Le combat pour la taxe.

Dans un rapport publié en août dernier, le Fonds monétaire international (FMI) juge tout à fait possible d’un point de vue pratique de taxer les transactions financières sans que cela nuise à la compétitivité du secteur. À la simple échelle de la France, une telle taxe à 0,05 % « rapporterait entre 10 et 15 milliards d’euros par an », estime Coalition Plus, qui rassemble plusieurs organisations internationales engagées dans le domaine de la lutte contre le VIH/sida. « Nous attendons un engagement fort pour mettre en place une taxe sur les transactions financières qui soit destinée à l’atteinte des objectifs du millénaire », confie Francesca Belli, responsable du plaidoyer international de l’association AIDES. Une pétition internationale en faveur de la création de cette taxe rassemblant 500 000 signataires a été remise à Nicolas Sarkozy. Dans une note publiée lundi, le Conseil pontifical du Vatican s’est rallié à cette idée tout en soutenant la création d’une « autorité mondiale fondée sur la solidarité ». Lors du sommet de Cannes, Bill Gates présentera des propositions dans le domaine des financements innovants qui incluront outre la taxation des transactions financières, d’autres pistes de prélèvements fiscaux supplémentaires sur les revenus du tabac ou sur les carburants destinés aux navires et avions.

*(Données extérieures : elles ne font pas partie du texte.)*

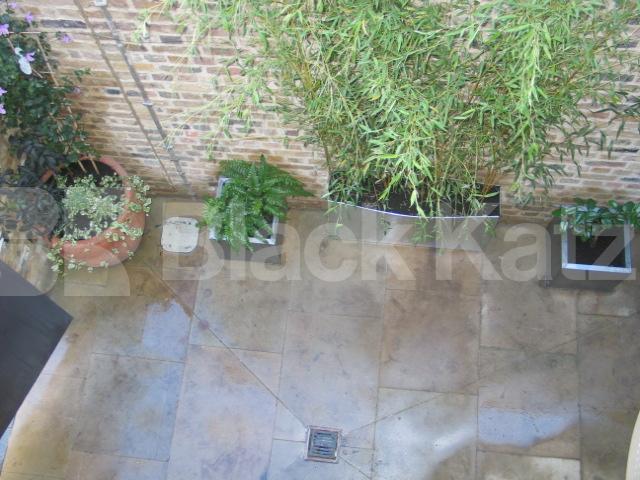 			New Instruction, 2 Bedroom, 1 bath, 1 reception Flat			 Albion Walk, KINGS CROSS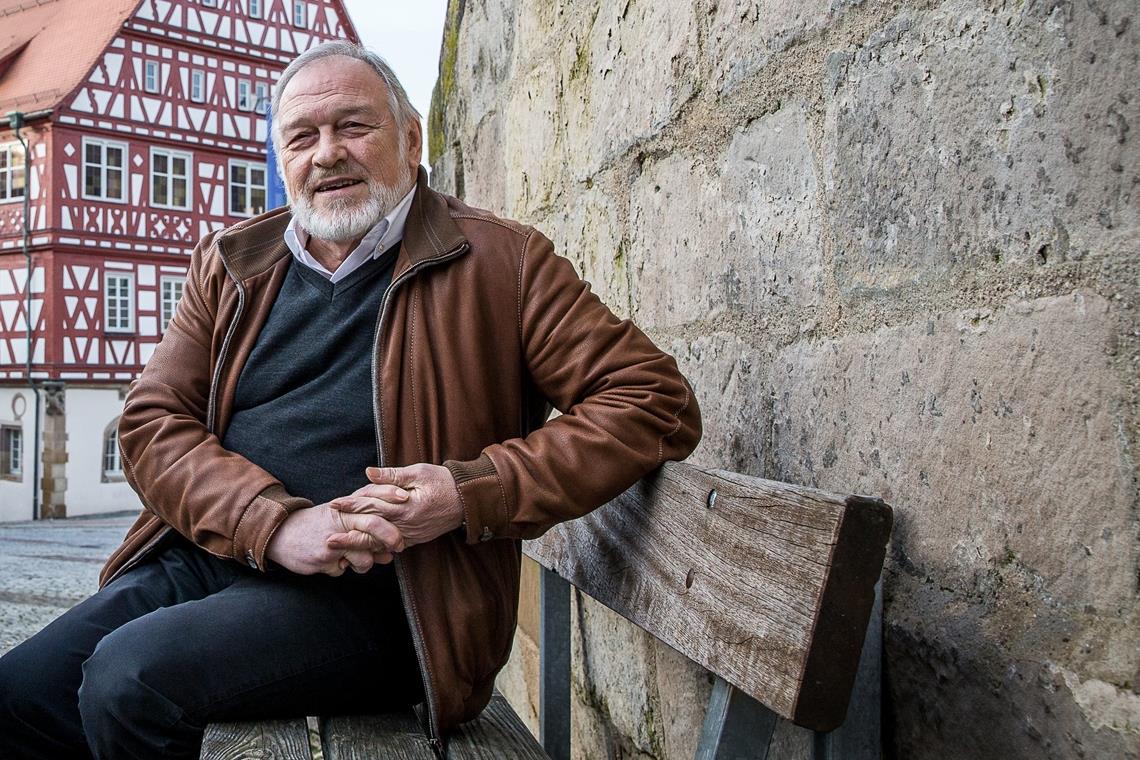 Angenehme Pausen und tolle Ausblicke Im Gemeinderat haben Ulrich Schielke (Foto) und Klaus Böhle jetzt die Idee der Bürgerbänke vorgestellt und sind bei den Stadträten durch die Bank auf große Zustimmung gestoßen.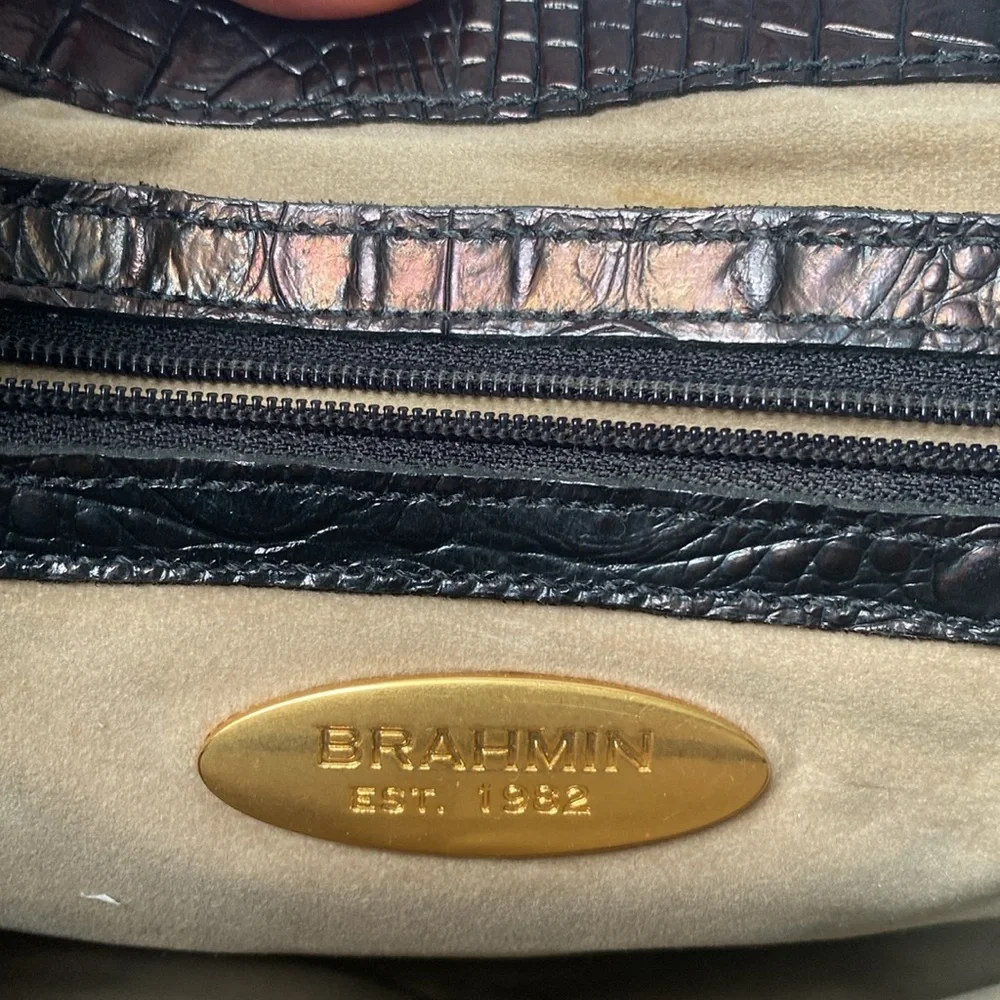 Vintage Brahmin Mariel’ black Melbourne handbag purse excellent condition.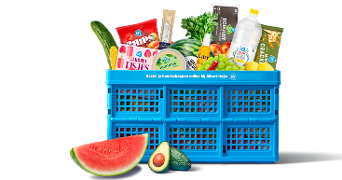 Blauwe Albert Heijn boodschappenkrat gevuld met diverse boodschappen zoals chips, aardbeienijsjes, groenten, hummus, crackers, druiven, een fles water en vers fruit zoals watermeloen en avocado.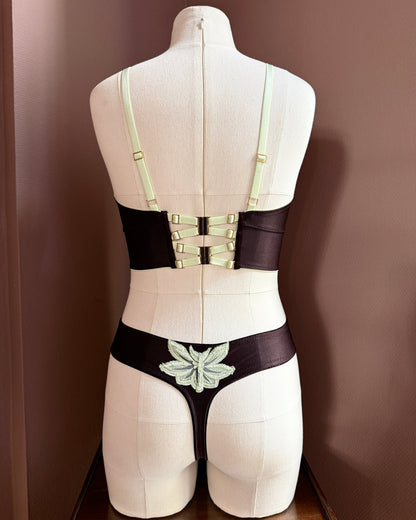 Studio_Confidants_Sage_thong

Plusieurs pays comme le Royaume-Uni (qui a déjà mis en place une taxation similaire sur les transactions financières), le Canada, les États-Unis, l’Australie ou la Chine restent opposés à la création d’une taxe Tobin. Dans son rapport intitulé, « G20, un fiasco annoncé », l’association Attac France juge impossible la perspective d’un consensus sur une telle mesure à l’issue du sommet de Cannes. « En n’y faisant aucune mention dans sa déclaration finale, le G20 Finances des 14 et 15 octobre a d’ores et déjà enterré » cette possibilité. « Face au refus de la plupart des 20 pays, la présidence française privilégie plutôt aujourd’hui une initiative pilote volontariste, d’un groupe de pays pionniers », à l’instar de la taxe sur les billets d’avion, remarque Attac.

* Ce document est consultable sur Internet : www.feeding20.org.